I can't be certain, but experience tells me that that phrase was on the
minds of a number of automobile insurance company executives on March
27, 1964.
Why on that date, you ask? Because that was the day after the Supreme
Court of Alabama ruled that State Farm Mutual Automobile Insurance
Company could be held directly liable for the death of a young man who
was killed in a car accident if, and only if, it could be proven that
State Farm had selected the body shop where the vehicle had been
negligently repaired a few months before the fatal accident.
The Alabama case set the stage for what most body shop owners would
consider to be the biggest problem facing the collision-repair industry
today: steering.
By the term "steering," I mean tactics or games insurance
companies use to pressure a policyholder to have his vehicle repaired at
a particular body shop, while at the same time, trying to avoid any
liability associated with the repairs performed by the insurer's
preferred shop.
To understand the game, you first have to understand that practically
every policy of property-damage insurance (e.g., automobile, homeowners,
commercial-property) sold in the United States for the past 150 years or
so contains what's commonly referred to as a "Payment of Loss"
provision (POL provision).
POL provisions essentially give an insurance company two options for
paying a claim to repair property that's been damaged but not destroyed.

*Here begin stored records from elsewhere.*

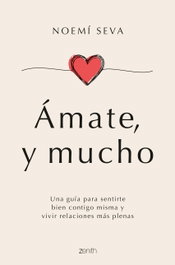 Ámate, y mucho, Noemí Seva - ZENITH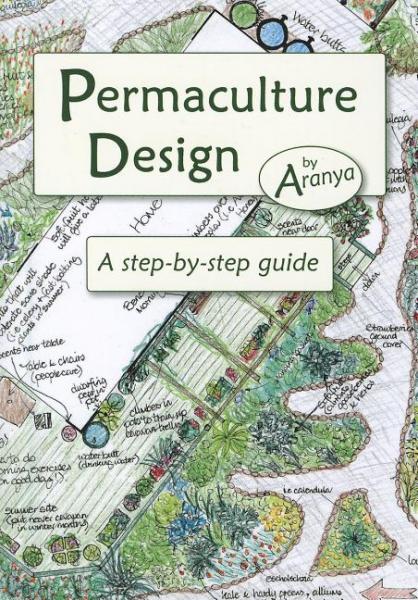 Permaculture Design: A Step-By-Step Guide  - Aranya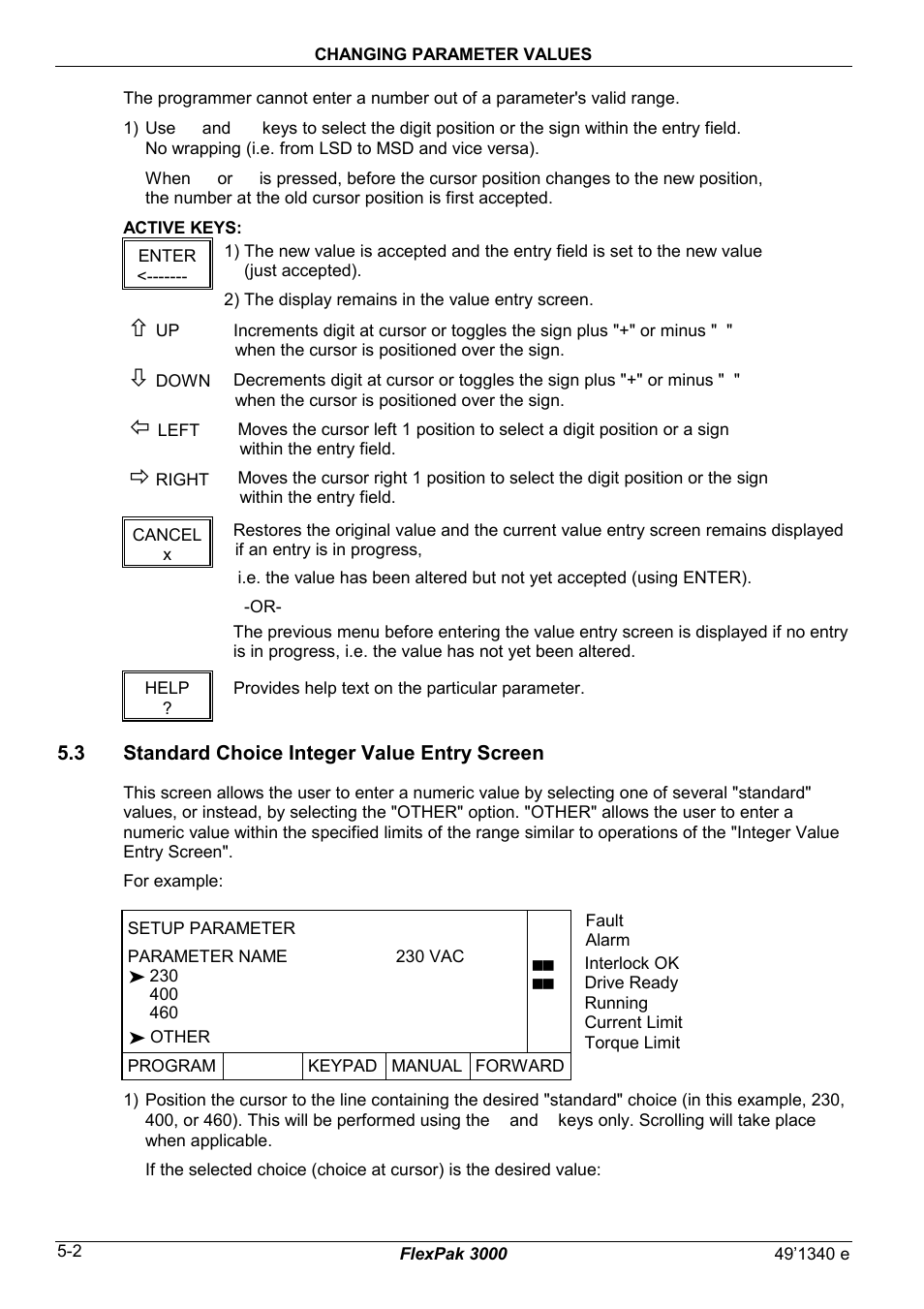 3 standard choice integer value entry screen | Rockwell Automation FlexPak 3000 Power Module Version 4.2 User Manual | Page 60 / 216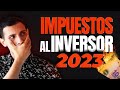 👉 IMPUESTOS al INVERSOR 2023 🔥 Entrevista a Contador Público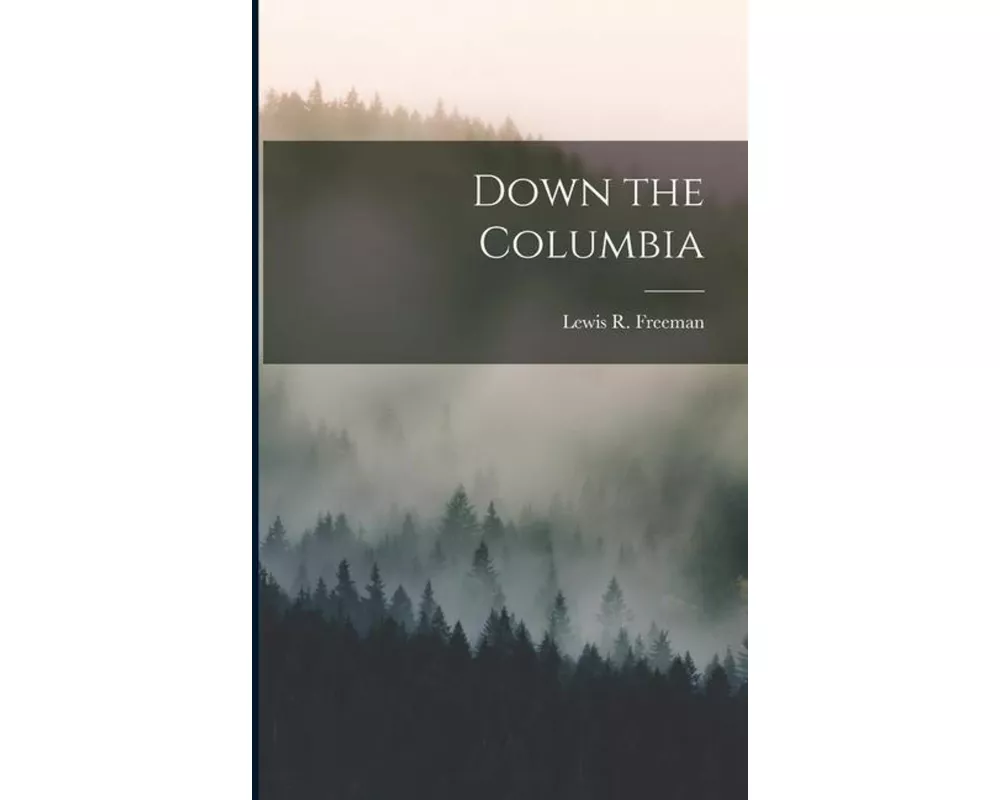 Down the Columbia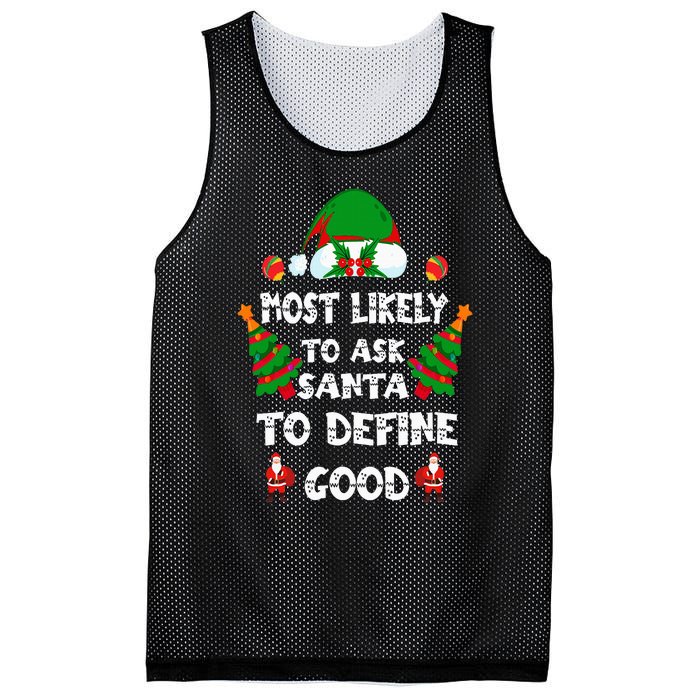 Most Likely To Ask Santa Define Good Funny Family Christmas Mesh Reversible Basketball Jersey Tank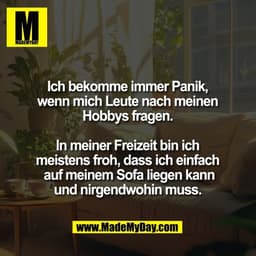 Ich bekomme immer Panik,
wenn mich Leute nach meinen
Hobbys fragen.

In meiner Freizeit bin ich
meistens froh, dass ich 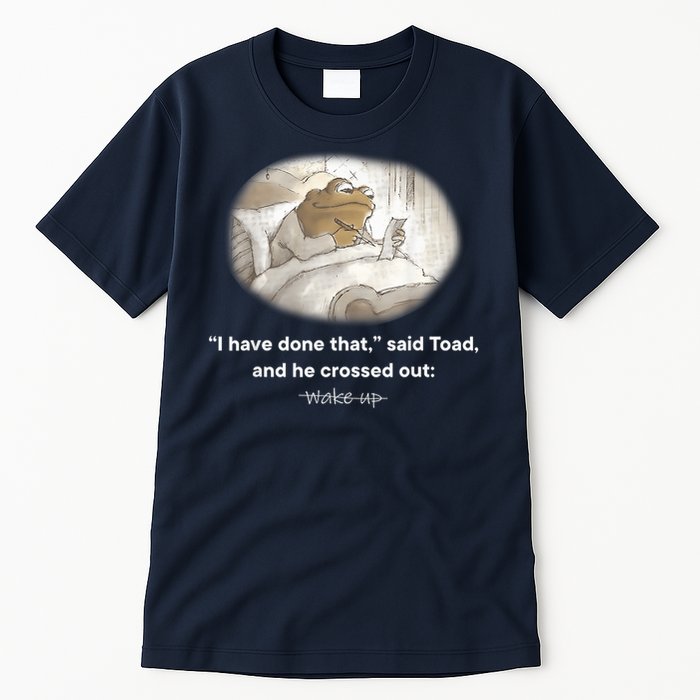 I Have Done That Said Toad And He Crossed Out Wake Up Tall T-Shirt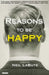 Reasons to Be Happy: A Play by Neil Labute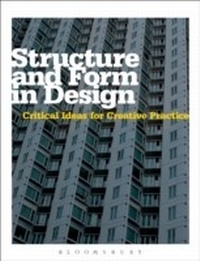 Abbildung von: Structure and Form in Design - Bloomsbury Academic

The first option is to pay the policyholder's claim in money so the
consumer can have the repairs performed by an independent contractor of
his choice.
The second option is for the insurer to hire the contractor itself and
to exercise direct control over the scope, method and cost of repairs.
It's this second option that gave rise to direct-repair programs (DRPs).
But the fact that insurance companies generally do contain a POL
provision leads to a rather obvious question: If insurers have the right
to hire a body shop to fix one of their policyholder's cars and to
directly manage the cost of such repairs, why don't they just go ahead
and do it on every claim?
The answer is liability.
The Alabama case and others like it make it clear that if an insurance
company exercises its option to repair a damaged car by selecting the
body shop that will do the work, the insurer can be held directly liable
for the quality and safety of the repairs performed. In other words,
while an insurer may very well have the right to tell a consumer to take
his car to a particular body shop for repairs, the insurer would then
have to assume the liability for the quality and safety of the repairs
performed by that shop.
And apparently that's a risk most insurers are unwilling to take.
So what insurers decided to do instead was to try and "play both
sides of the fence" by developing word tracks and other schemes to
pressure policyholders to use their DRP shops or other shops that their
agents or adjusters have a "friendly" relationship with -
without creating a paper trail to prove that the insurer selected the
body shop that performed the repairs. That way, if a problem developed
with regard to the repairs or if someone was injured or killed as a
result of the shop's negligent work, the insurer could claim that it was
ultimately the consumer who chose the shop that performed the shoddy
work.
There can be no question that these tactics are working. According to
the 2004 BodyShop Business Industry Profile, for example, more than 76
percent of the owners of "non-DRP shops" surveyed said
steering was adversely affecting their businesses. Even more surprising
and disturbing is the fact that a full 80 percent of the owners of
"DRP shops" said steering was having a negative impact on
their businesses.
These statistics should send a chill down the spine of every body shop
owner who has a long-term interest in the success of his business, as
well as every consumer who finds himself in a situation where he's
feeling pressured to have his vehicle repaired at a body shop
recommended by an insurance company.
Why? Because these stats present compelling evidence that at least some
insurance companies are systematically steering consumers away from body
shops that perform quality work at a competitive price. You see, if one
accepts the premise that insurance companies truly care about the
quality of repairs performed to their policyholders' vehicles and
therefore select only those shops that perform quality repairs at the
most competitive price to participate in their DRPs, it makes absolutely
no sense that 80 percent of DRP shops are having work steered away from
their shops by other insurance companies.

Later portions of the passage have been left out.